Best of luck to you both, looks like a keeper.


----------



## Melian (Aug 14, 2009)

Will you be pleased or annoyed if I say that he's hot?

I don't want to commit until I know for sure


----------



## BigChaz (Aug 14, 2009)

I'm not gay, but if I was in prison and he was in prison, then I would not be disappointed if he was my cellmate.

Congrats!


----------



## Esther (Aug 14, 2009)

I'm just gonna go ahead and say it: that man is hot as hell! You two look so happy together!


----------



## CherryRVA (Aug 14, 2009)

Esther & Melian....I am not annoyed at all that ya'll think he's hot.
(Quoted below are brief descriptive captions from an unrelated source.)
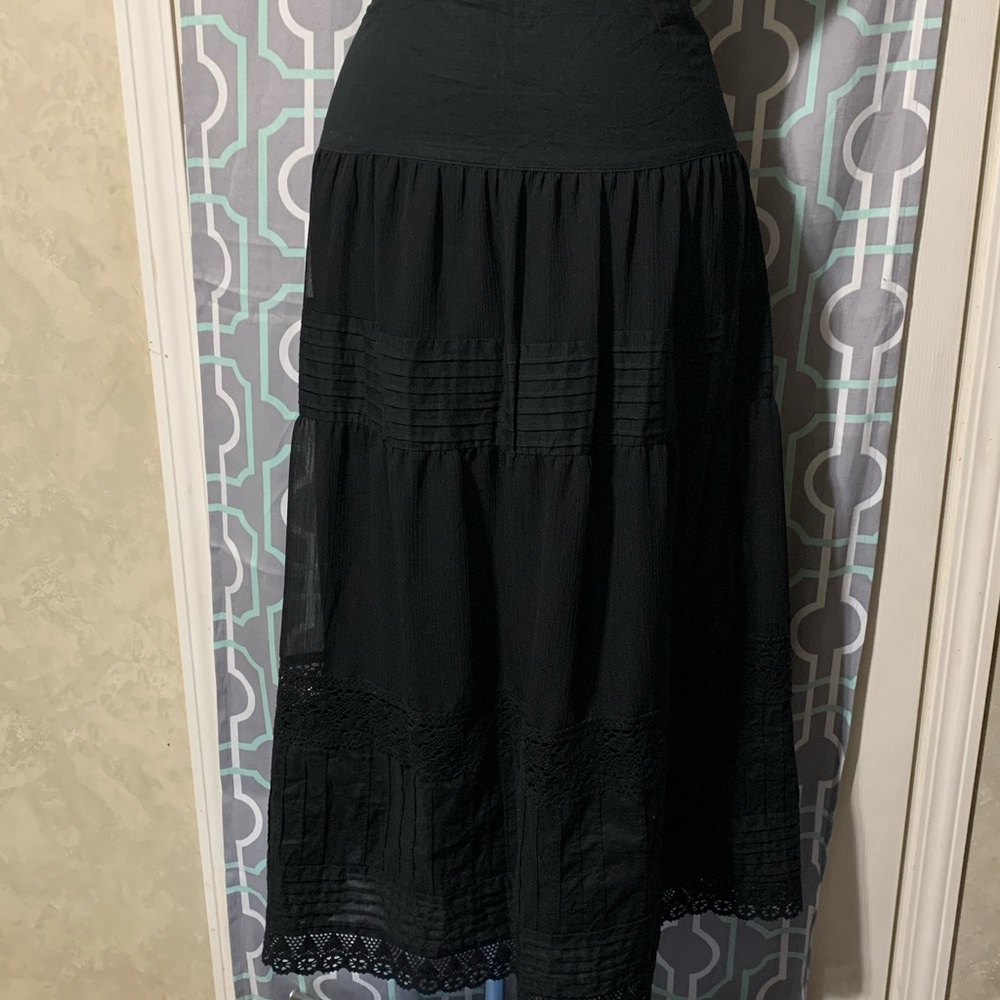 3/15🔥 Black maxi skirt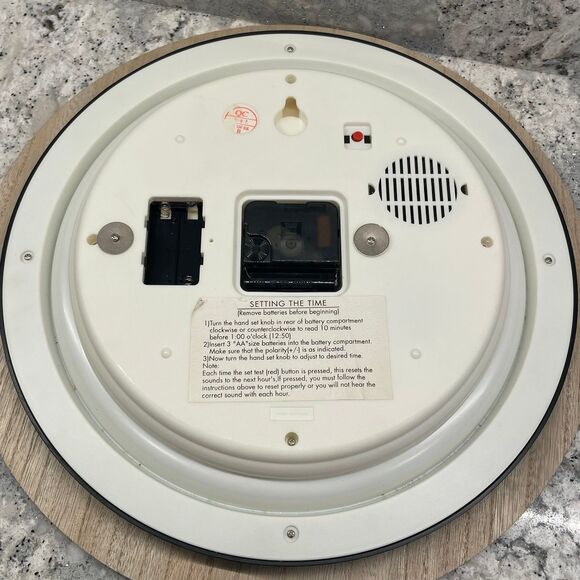 Christmas Musical Light Activated Analog Wall Clock Santa & Wreath 12 Carols - Picture 3 of 6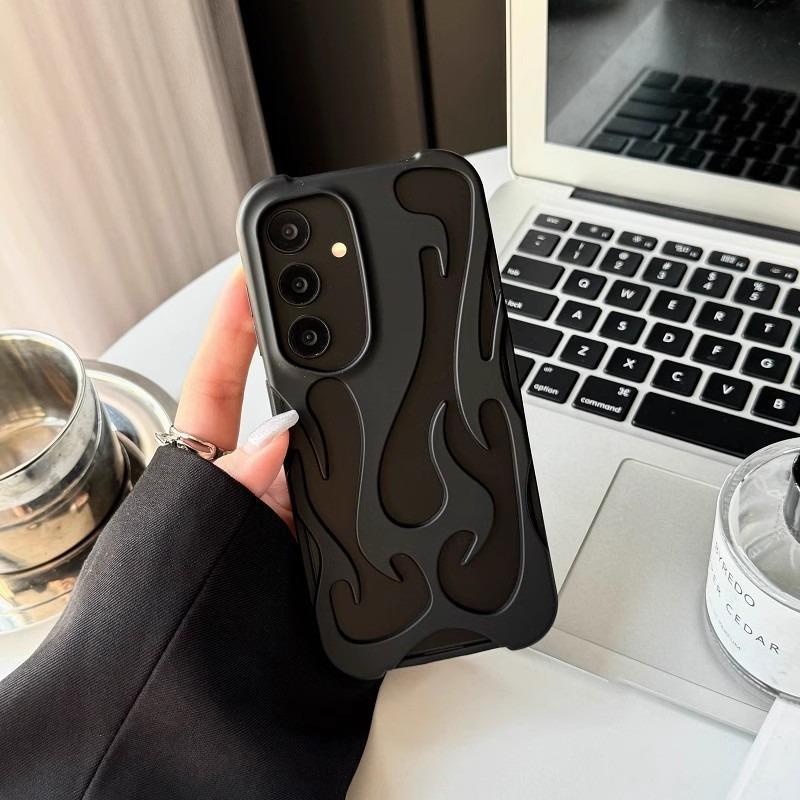 Heat Dissipation Four Corner Shockproof Plating/Matte Fire Pattern Hollow Out Cooling Phone Case For Samsung S25Ultra S24 S23 S22 A14 A15 A16 A06 A54 A55 Soft Full Cover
I think so too!!!! Hehehehe...*sings* I have a hot one, I have a hot one!!!** LOL *giggle* *grin* think he's hot in those pics, you should see him without a shirt on....ummmm...RAWR.. drives me nuts. :wubu:

Yeah, the first time I saw him, we had a date at Starbucks down the street from my work. He is a TOTAL coffee addict, just like me. When I walked in and saw him, his back was to me and I was glad, or else he woulda seen my jaw hit the floor! And not only is he "hotter than the friggin sun" hot, he's a complete sweetheart too. I would do anything for him. He's met 2 of my best female friends and 1 of my best male friends so far and all of them have given him 2 thumbs up. I am so happy right now, words don't even describe.

He keeps saying "Yep, you lost your 'metalhead card' (cuz I'm really affectionate and squooshy around him), gotta put it thru the shredder." And I just tell him "No, I haven't lost my metalhead card, I just no longer hold the 'hardcore' certification!" LOL

Yeah, he's a mechanic too...that's my PT cruiser that he was working on. Hellz yeah, I am one lucky girl.


----------



## Melian (Aug 14, 2009)

CherryRVA said:


> Esther & Melian....I am not annoyed at all that ya'll think he's hot.
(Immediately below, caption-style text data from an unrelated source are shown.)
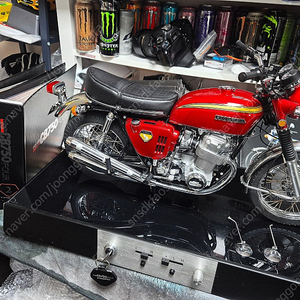 데아고스티니 (DeAgostini) 1/4 스케일 CB750 판매합니다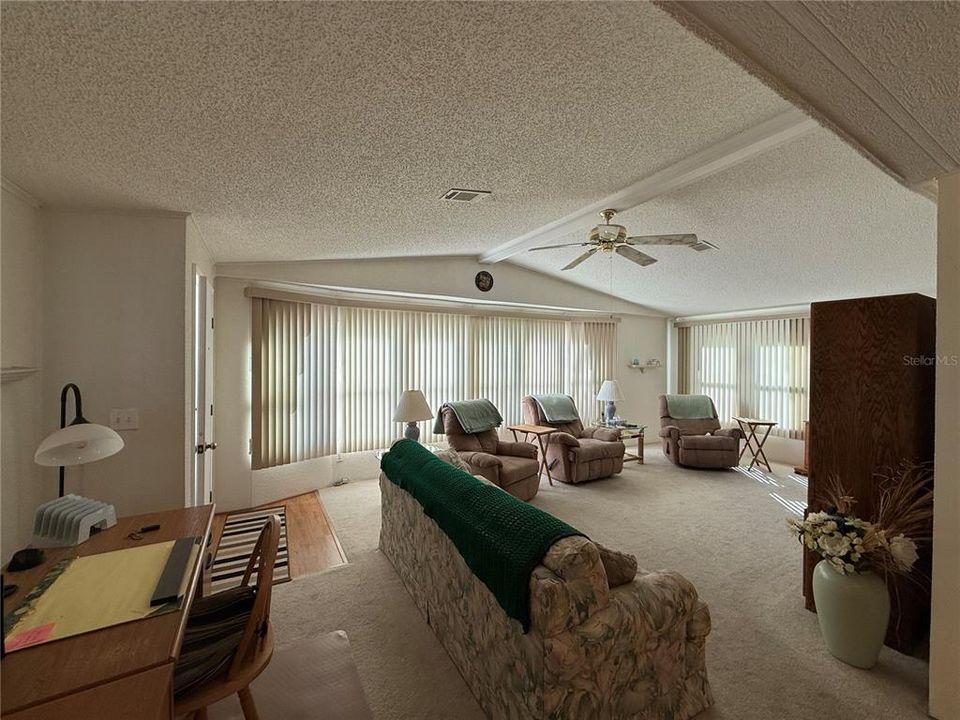 En Venta: $164,500 (2 camas, 2 baños, 1344 Pies cuadrados)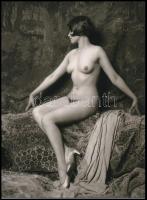 cca 1925 Lopott órák gyönyörei, szolidan erotikus felvétel, 1 db modern nagyítás, 21x15 cm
Oh, well in that case...GODDAMN!



CherryRVA said:


> He keeps saying "Yep, you lost your 'metalhead card' (cuz I'm really affectionate and squooshy around him), gotta put it thru the shredder." And I just tell him "No, I haven't lost my metalhead card, I just no longer hold the 'hardcore' certification!" LOL



You know, there are ways to regain your hardcore status. I'm thinking you could hatefuck him to Gorgoroth.


----------



## CherryRVA (Aug 14, 2009)

Melian said:


> Oh, well in that case...GODDAMN!
> 
> 
> 
> You know, there are ways to regain your hardcore status. I'm thinking you could hatefuck him to Gorgoroth.



LOL...yeah, hun, nooooo, don't think he'd appreciate that...he's not a metalhead. More of a country/rock type of guy. Norwegian black metal....not his thing.  But who knows, I may be able to convince him to accompany me to some metal shows...and of course, I would go to any shows that he would want to go to....yes, I am willing to go listen to country music for this dude.


----------



## Tad (Aug 14, 2009)

CherryRVA said:


> ....yes, I am willing to go listen to country music for this dude.
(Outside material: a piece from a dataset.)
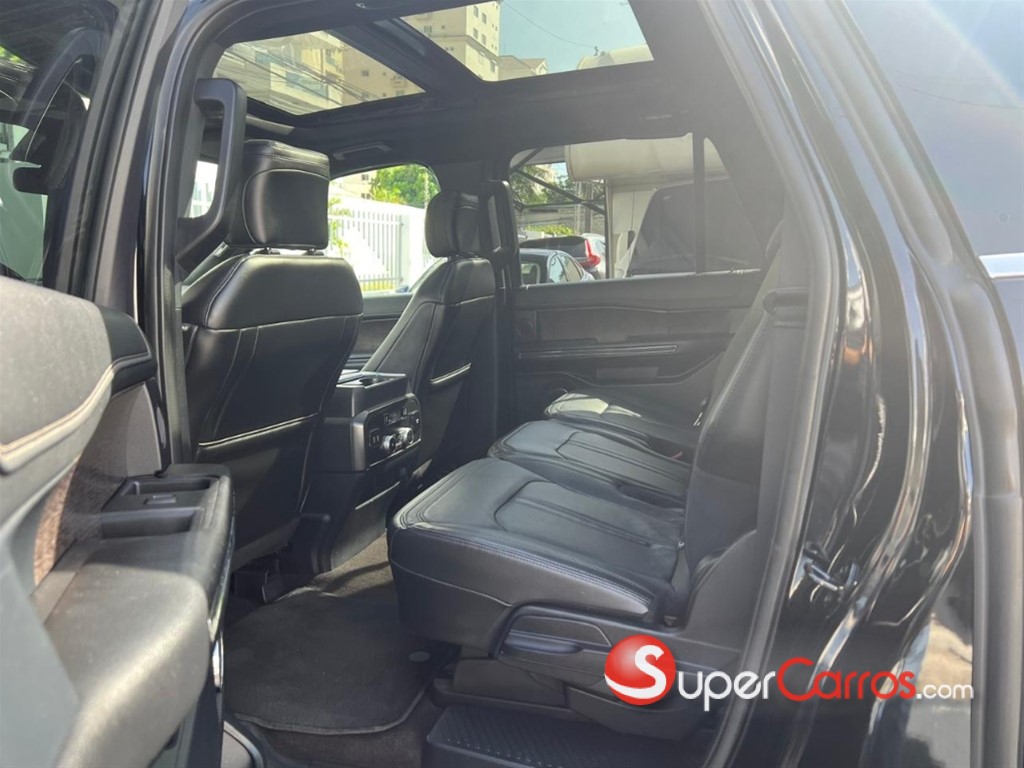 2020 Ford Expedition Platinum Max — foto 6 / 10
Holy cow, you've got it _*BAD*_


----------



## cammy (Aug 14, 2009)

nice fish...and your's man's quite a catch, too!


----------



## likeitmatters (Aug 15, 2009)

I wish both of you much happiness and from my point of view he is a dish from heaven...at least from my point of view.

I love very tall man...but does he have big feet also?


----------



## CherryRVA (Aug 16, 2009)

Size 13 feet


----------



## CherryRVA (Aug 17, 2009)

Ya'll are so sweet... :happy: Thanks for the compliments. Yeah, I told him about this post and said "If you want me to take the pics down, I will...." He was like "hell no, leave em up." He hasn't seen the post, but I figured I'll show him later or something.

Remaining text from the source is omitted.